Leave out pictures; repeat exactly the lines from the "animal_genitalia balls cartoon_network" line through the last of the data below.

(Raw data)

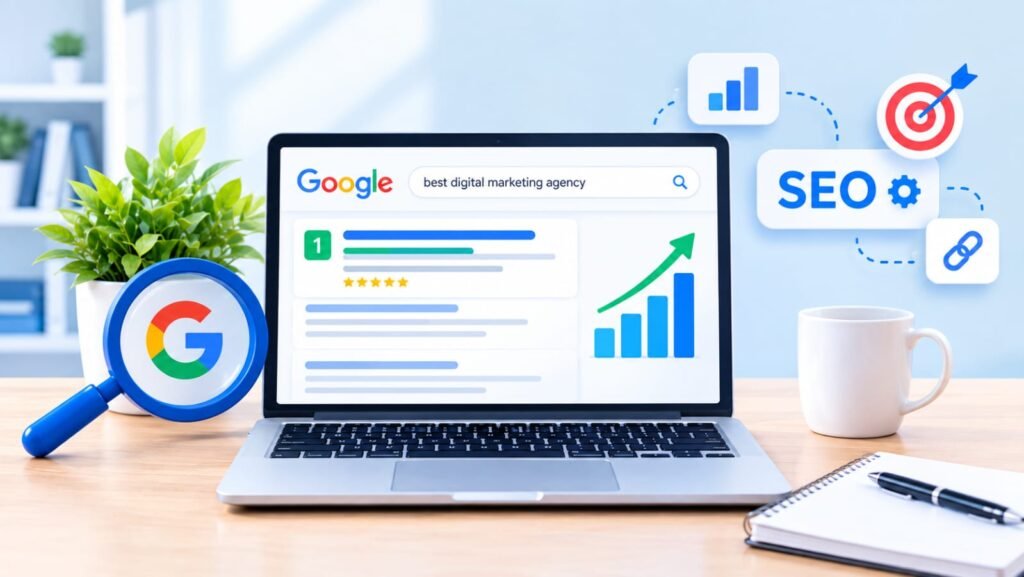 Online advertising campaign management illustration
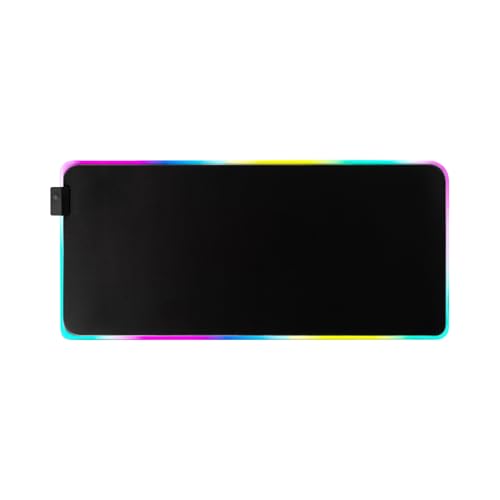 RGB Gaming Mouse Pad-14 Light Modes, Extended Soft LED Mouse Pad, Anti-Slip Rubber Base, Computer Keyboard Large Mousepad Mat, Waterproof Mousepads (25.6 * 11.6 Inch) - color: Black-A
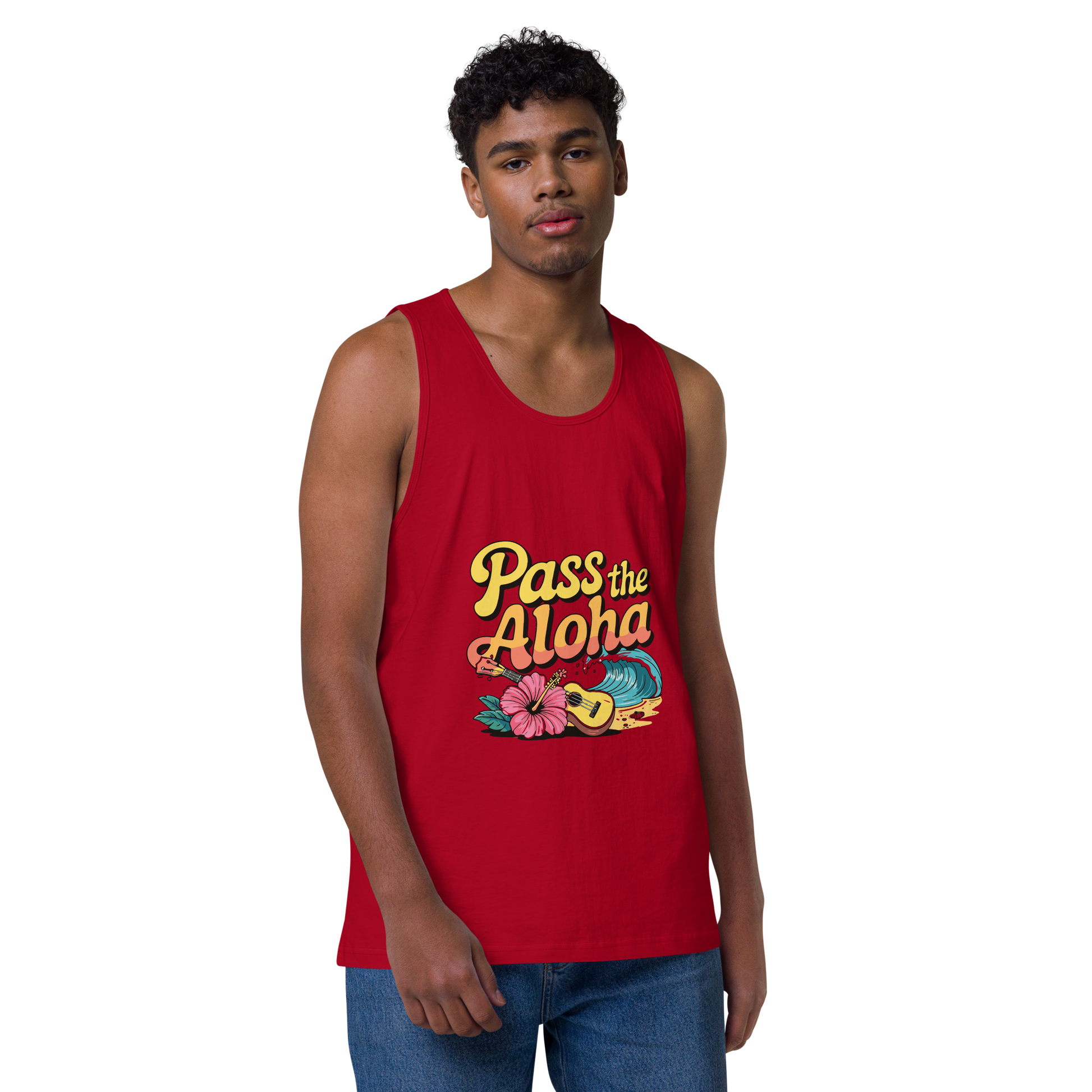 Ocean-Melody-Tropical-Tank-Top-Red-Front
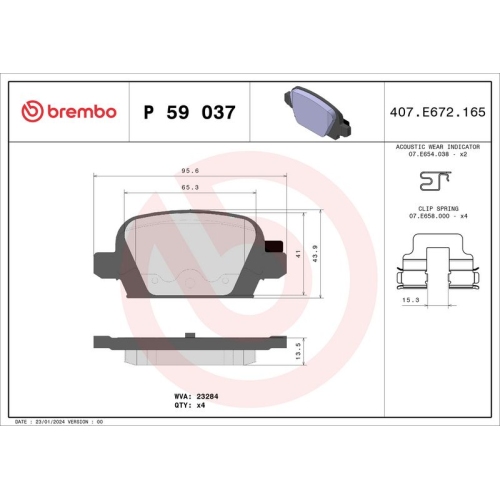 BREMBO Bremsbelagsatz, Scheibenbremse PRIME LINE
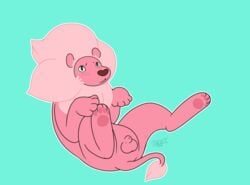 animal_genitalia balls cartoon_network feline feral flat_colors fully_sheathed kaptcha lion lion_(steven_universe) lying male male_only mammal mane on_back pawpads quadruped reclining sheath solo spread_legs spreading steven_universe sweat sweatdrop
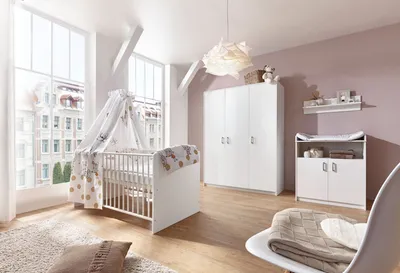 Produktbild von Schardt Komplett Kinderzimmer Classic White (Kombi-Kinderbett 70 x 140 cm mit Umbaukit, Wickelkommode und Kleiderschrank 3-trg.), weiß - Farbe: Weiß, 11 519 02 00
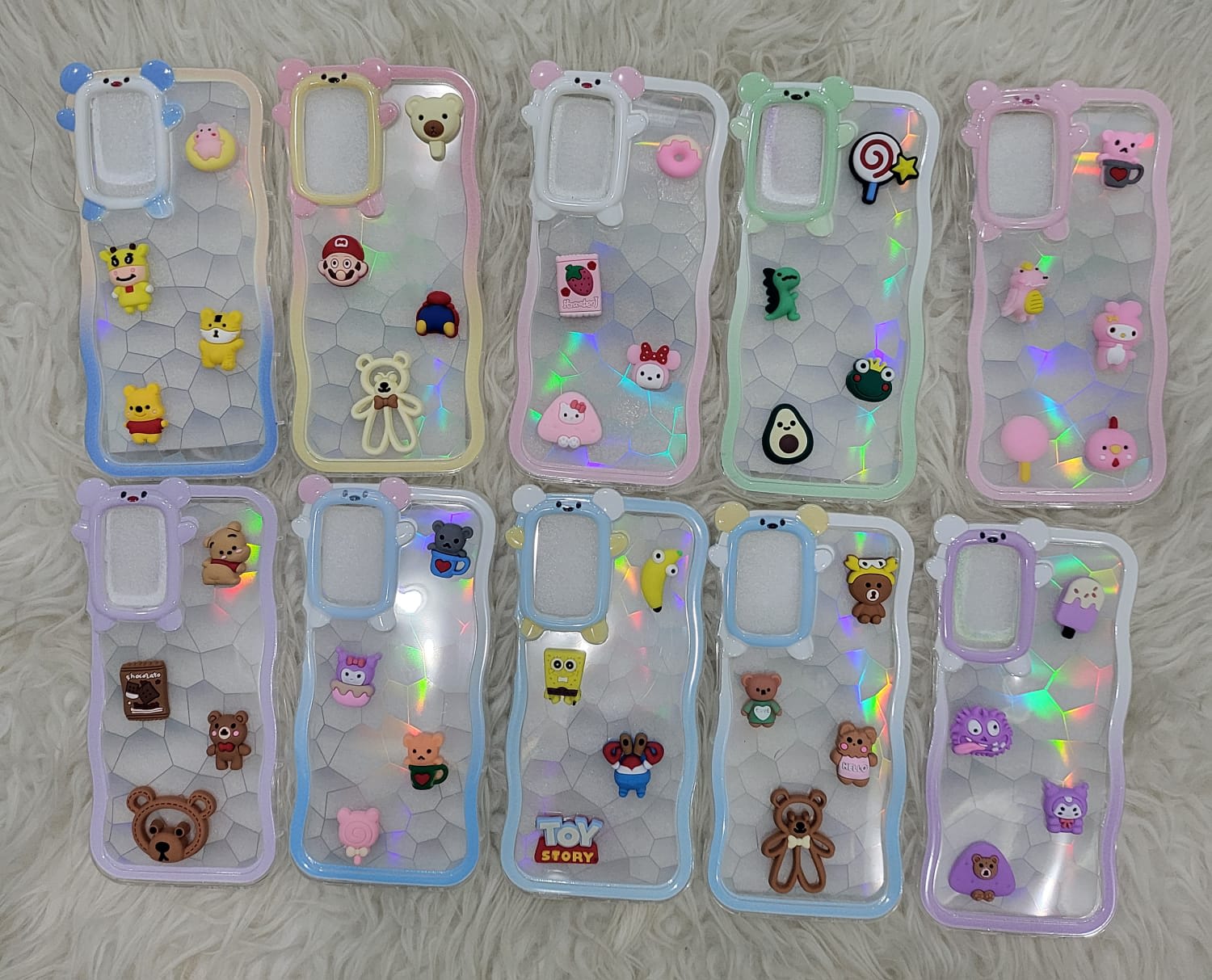 SOFTCASE CLEAR GELOMBANG LIST WARNA 3D DOLL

(End Raw data)

### Answer box
 animal_genitalia balls cartoon_network feline feral flat_colors fully_sheathed kaptcha lion lion_(steven_universe) lying male male_only mammal mane on_back pawpads quadruped reclining sheath solo spread_legs spreading steven_universe sweat sweatdrop
 Produktbild von Schardt Komplett Kinderzimmer Classic White (Kombi-Kinderbett 70 x 140 cm mit Umbaukit, Wickelkommode und Kleiderschrank 3-trg.), weiß - Farbe: Weiß, 11 519 02 00
 SOFTCASE CLEAR GELOMBANG LIST WARNA 3D DOLL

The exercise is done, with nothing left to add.